Phonographic Performance Company of Australia (PPCA) input agreement: sound recordings

A photograph of a woman signing a contract
Photo by Leon Seibert on Unsplash
A photograph of a woman signing a contract
Photo by Leon Seibert on Unsplash

When registering your sound recording with the Phonographic Performance Company of Australia (PPCA), you need to sign an input agreement – a contract – with the PPCA. An input agreement authorises PPCA to collect public performance communication and broadcast royalties on your behalf and it is important you understand that agreement. All PPCA licensors are able to receive free legal advice from Arts Law about their input agreements.

An artist recently registered sound recordings with the PPCA. The PPCA provided him with the input agreement and directed him to Arts Law for advice on direct licensing guidelines and the input agreement.

Arts Law advised the artist on his rights and obligations of the input agreement.
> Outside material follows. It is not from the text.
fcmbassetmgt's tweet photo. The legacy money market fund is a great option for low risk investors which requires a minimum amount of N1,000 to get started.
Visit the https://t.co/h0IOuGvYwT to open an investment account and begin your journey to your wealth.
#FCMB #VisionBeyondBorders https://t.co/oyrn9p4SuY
One of the obligations of the input agreement is to have direct licensing guidelines. We directed the artist to our free downloadable information sheet on ‘Direct Licensing Guidelines’ and ‘Sample template’. Arts Law lawyer, Rebecca Simpson explained that the direct licensing guidelines refers to two licensing options for the sound recording:

  1. directs people to the PPCA to licence the transmission and public performance rights of their sound recordings; or
  2. directs people to licence the artist’s sound recordings through their own terms and conditions.

Option 1 is more suited to copyright owners that don’t have the necessary resources, experience or capacity to licence their sound recording every time a user seeks a licence.  Option 2 allows the artist to determine the rights and obligations of licensing their sound recording. Whatever option was selected, Arts Law advised the artist that the PPCA requires that licensors such as the artist make a copy of their direct licensing guidelines available to the public.

We also advised the artist of the different layers of copyright in a song. These are copyright in the musical composition, the lyrics and the sound recording. The PPCA collects royalties for the public performance and communication to the public of sound recordings. The Australasian Performing Right Association (APRA) deals with copyright in the music and lyrics. Essentially, these collecting societies take on the workload of granting licences on behalf of the copyright owner. 

The client was happy with the advice stating that “You guys provide an amazing service and were able to help me navigate a complicated topic”.

If you are unsure about any of the legal terms in an agreement affecting your arts practice, you should seek advice from an Arts law lawyer so you understand your rights and obligations.